Wednesday, November 25, 2009

The Phone Call....


I am not sure if I will post this... but I am writing because right now this is the thoughts of an adult who just got off the phone with a dad that abused her family his whole life.

I have hands that are shaking violently. My heart is pounding and skipping I feel like I may have a heart attack.

My legs are weak... I had to sit down while on the phone just to support myself.

He called. I see the number. I groan. I pick up. I can't avoid it. He is persistent.

I hear his voice. I feel emotions that are indescribable.

He starts talking...my stomach is churning.

He talks and talks. He is the same. He is wanting me to come to the dedication. He is saying that this may be his last time when we are all together. He wants to talk about what he wants when he dies.

He wants me to be the older sister and forgive. He doesn't understand there isn't a grudge. Just fear.

He wants to be buried in Maryland. He names my uncles and aunts that are buried there. He never made attempts to get along with them ever. He always stirred the pot so my mom was kept at a distance from her family and friends. Now he is worried about being buried alone?

Weird.

He talks about the same policy he has. (Not sure if this is for real). Whose name should he put for the benefactor? Not me. No thanks.

Then he talks about family that is struggling. He talks about bad behaviour (yet I am amazed that he is calling the behaviour... such a hitting a 3 year old, bad... since he did it time and again since I was one!)
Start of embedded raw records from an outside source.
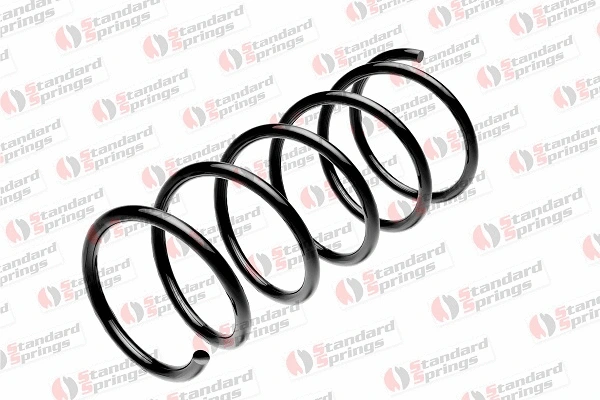 Suspension Spring (ST 132 019 F)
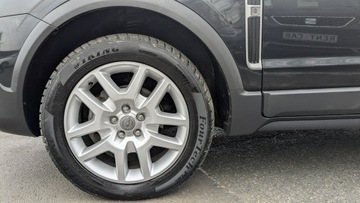 Opel Antara 2010 Opel Antara 2.0CDTi 126PS OPŁACONY Bezwypadkowy, zdjęcie 35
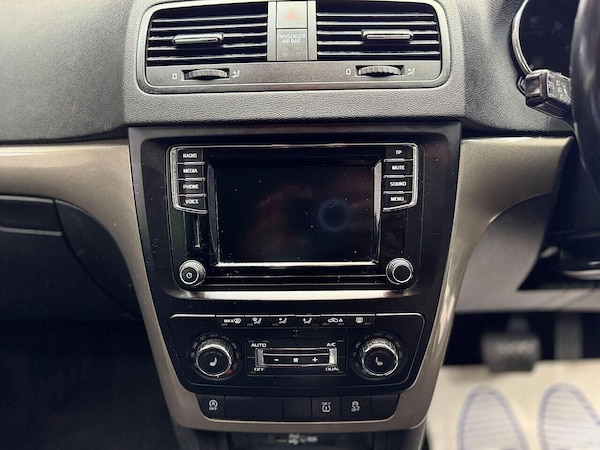 Used Skoda Yeti 2016 for sale - 76299173: Photo 32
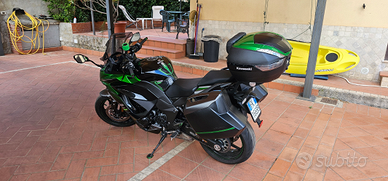 Kawasaki Ninja 1000SX 2024 - Moto e Scooter In vendita a Pavia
He asks me to come to the dedication. Pray about it... He says. He says he has people praying for me. Um... not sure he gets it.

Then I say (not sure where I got the strength, well yes I am)... "Dad, I am not coming. I do not feel safe. I do not want to expose my children to any of it. I don't know what will happen. I am not willing to put myself or them at risk." (Thank you, Jesus for strength).
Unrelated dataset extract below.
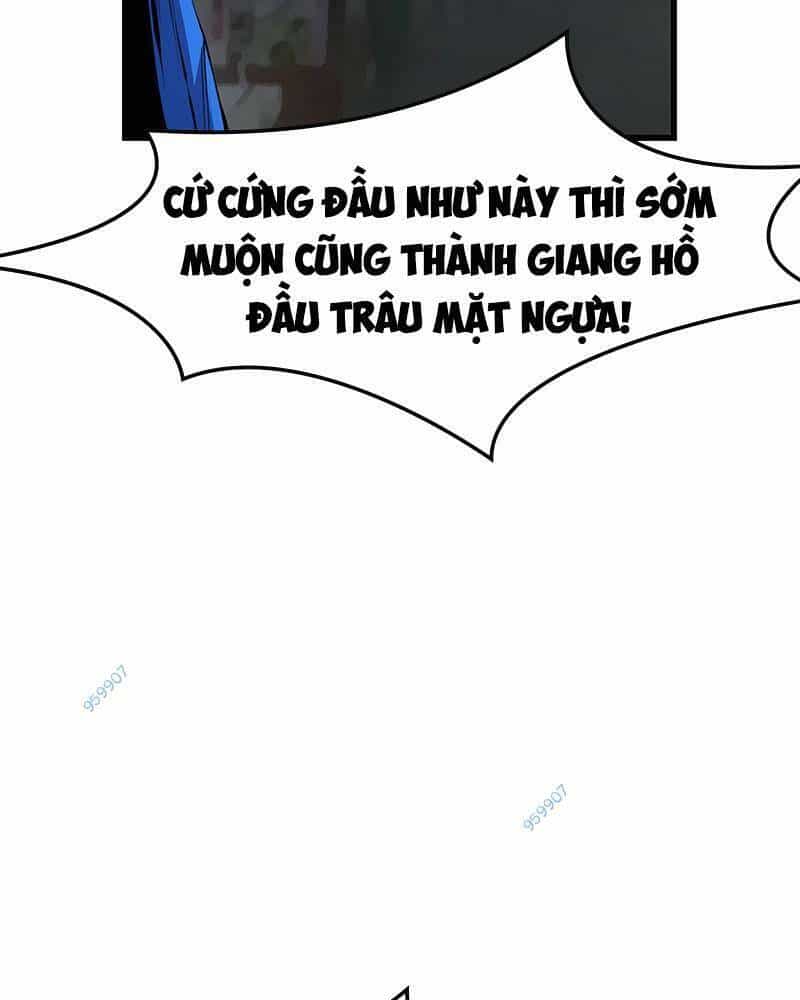 Phòng Gym Hanlim - Chương 26 - ảnh 41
(When the three siblings are together, something always happens. Every time. So maybe this time it will be different. My absence may be a gift).

He says... (I can't believe he said this) "I won't let anything happen. I will call 911 if I have to."

OK... you must get the picture. He asks for money for another life insurance policy. Money he will leave for us. He asks for $30 so he can leave us $2000.

Weird.

He talks about my mom. But then says, "I don't want to talk about her."

Weird.

This weekend the boys and I are away. We are at a hockey tournament.

Far and away.

My hands are still shaking.

As I hung up, I feel overwhelmed with emotions of sadness. When will it stop? I feel bad also because I know I have disappointed him. Again.

Weird.

This is from a daughter that has lived with abuse her life after talking to her father.